Let’s start with a primer on the different types of IRE. There are 5 different types of IRE projects that you can invest in and some of these classifications might be combined into one facility. As an example, a warehouse might also include 10-20% of it’s space as offices to house the employees of that firm.
Flex/office space: Research and design of new products.
Light manufacturing facilities: These are utilized to make a variety of products for retail consumers and businesses.
Food manufacturing facilities: Making and processing foods and beverages for restaurants and grocery stores.
Temperature-controlled facilities: Storing and distributing food and beverage products to restaurants and grocery stores.
Warehouses: Distributing goods to retail stores and businesses, as well as supporting the operations of e-commerce companies.
The Pros
Higher Cap Rates
Cap rates on multifamily projects have dropped to the 3-4% range in many markets.

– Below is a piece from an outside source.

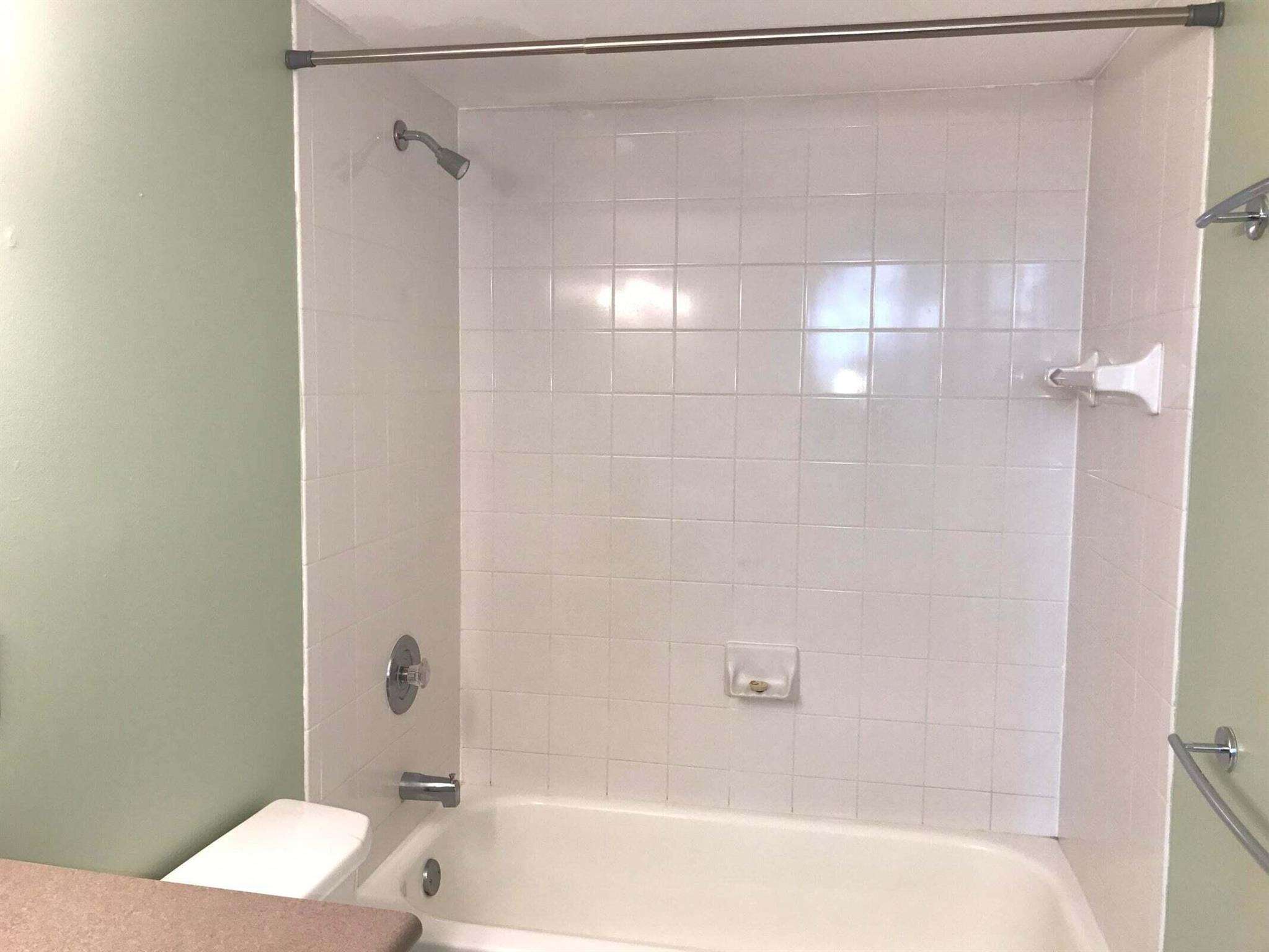 1915 Lavers Circle E311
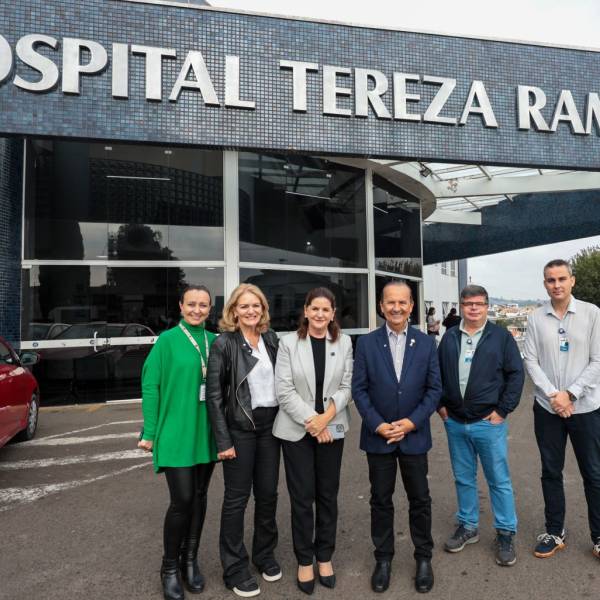 Saúde em Obras: Governador anuncia desativação de caldeira a diesel do Hospital Tereza Ramos em Lages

This pushes down cash flows, especially for the first couple of years, and impacts overall returns. Industrial real estate in 2022 is carrying cap rates that are 1.5% to 2% higher than multifamily, making it easier to produce significant cash flow on Day 1.
Multifamily real estate investors enjoyed massive profits over the last few years as investors ploughed money into the asset class, driving cap rates down. It is possible that we’ll see investors pivot out of multifamily and into industrial, driving down cap rates in the process. Although we don’t underwrite this way, there is the possibility that more capital will flow into IRE, driving up valuations to our benefit.
Demand is on the Rise
It’s believed that the U.S. may need more than 1 billion square feet of additional warehouse space by 2025 in order to support the fast-growing e-commerce demand. This outlook suggests that there will be more expansion and development opportunities for real estate investors.
Longer Leases
Industrial leases are usually three to 10 years but can be up to 25 years. In contrast, residential leases are a year, and self-storage properties are month by month. Industrial real estate means that you deal with businesses rather than regular people. This implies longer leases, as business are not as likely to change their location as often. It’s not rare to see that industrial real estate investors rent out their property to the same business for decades at a time. This means that industrial properties tend to generate a stable and passive income for years.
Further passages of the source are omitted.